I'm preparing for a deferred exam this semester after falling ill last year. Just looking over my course notes and have a question. I understand how this works in the big picture scheme. What I don't understand however is how my instructor simplified the original equation.

1. Homework Statement

Step 1) (1-t)z1 + t*(z2+z3/2) = (1-s)z1 + s(z2+z3/2)

Step 2) Simplifies to;
(2-s)z1+(t-2+2s)z2+(t-s)z3 = 0

Since z1, z2 and z3 aren't collinear, their coefficients in this equation must be zero. Therefore we have;
a) 2-s-2t = 0
b) t-2+2s = 0
c) t-s = 0

Then we readily find t = s = 2/3

Which is then substituted into the original equation for medians to find that it equals (z1+z2+z3)/3

Homework Equations


I understand how this works in the big picture scheme. What I don't understand however is how my instructor simplified the original equation step 1 to step 2.[/B]

The Attempt at a Solution


My attempt from equating the equations;
(1-t)z1 + t*(z2+z3/2) = (1-s)z1 + s(z2+z3/2)

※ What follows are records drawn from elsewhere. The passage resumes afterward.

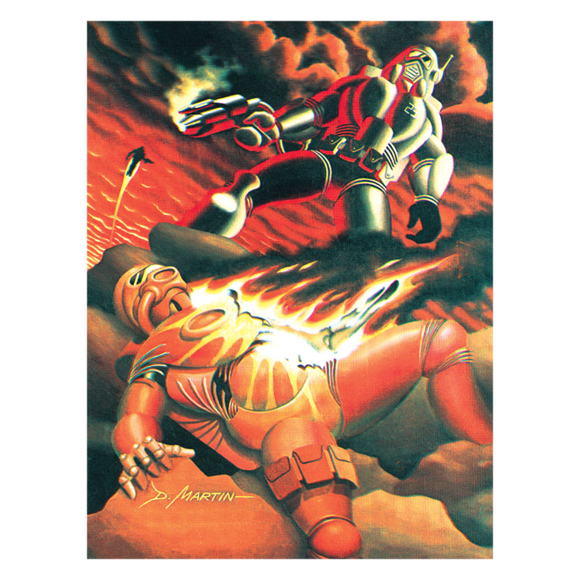 Pocket Folders from the Eighties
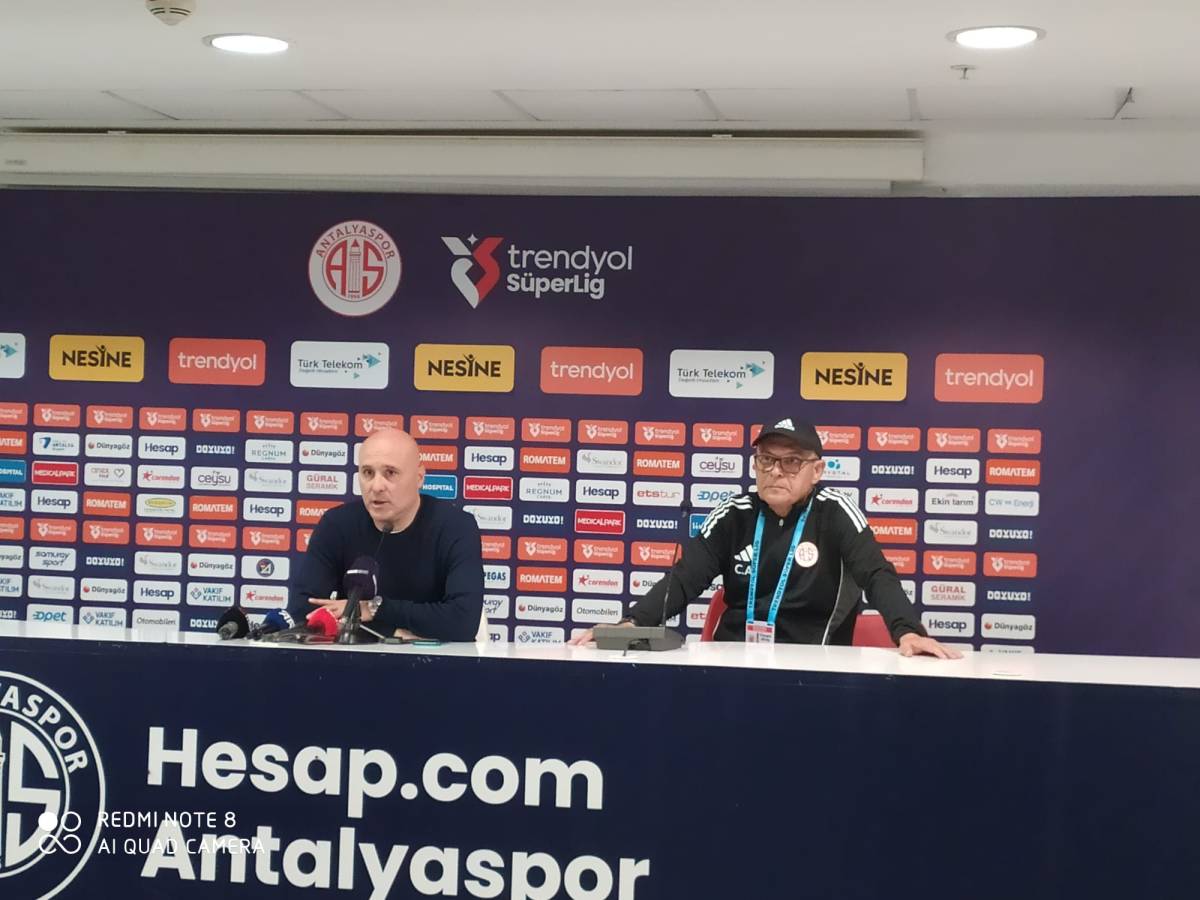 Sami Uğurlu: “Taraftarımızdan özür diliyoruz”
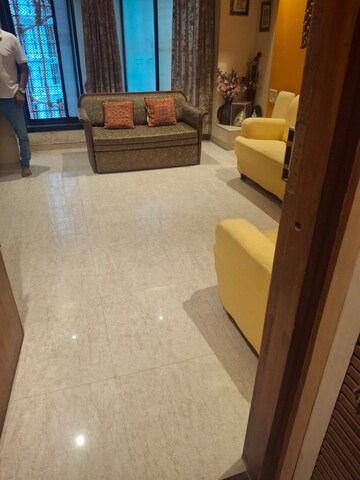 Balcony in 2 BHK Apartment at Vile Parle Mahaveer, Vile Parle West – for Rent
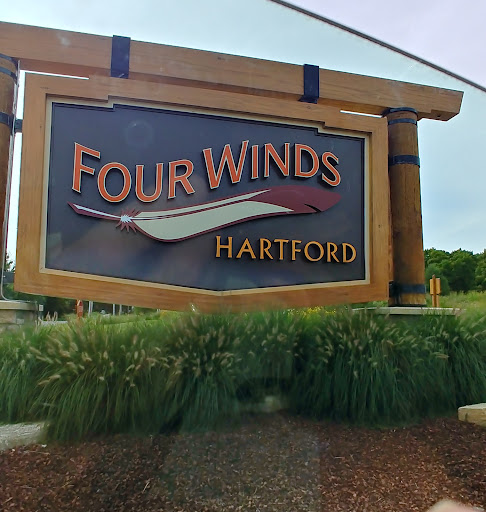 Casino «Four Winds Hartford», reviews and photos, 68600 Red Arrow Hwy, Hartford, MI 49057, USA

0 = (2-s)z1+(t-2+2s)z2+(t-s)z3
= (1-s)z1 + s(z1+z3/2) + s(z2+z3/2) - (1-t)z1 - s(z2+z3/2)
= z1 - s*z1 - z1 + t*z1 - s*(z2/2) - s*(z3/2) + s*(z2/2) + s*(z3/2)
= t*z1 - s*z1

Therefore t*z1 = s*z1 and divide both sides by z1 t = s

I feel this comes out slightly like my instructors, but its faulty somewhere...
 
Physics news on Phys.org
Why not expand the brackets in the first equation, multiply through by 2, then group like terms?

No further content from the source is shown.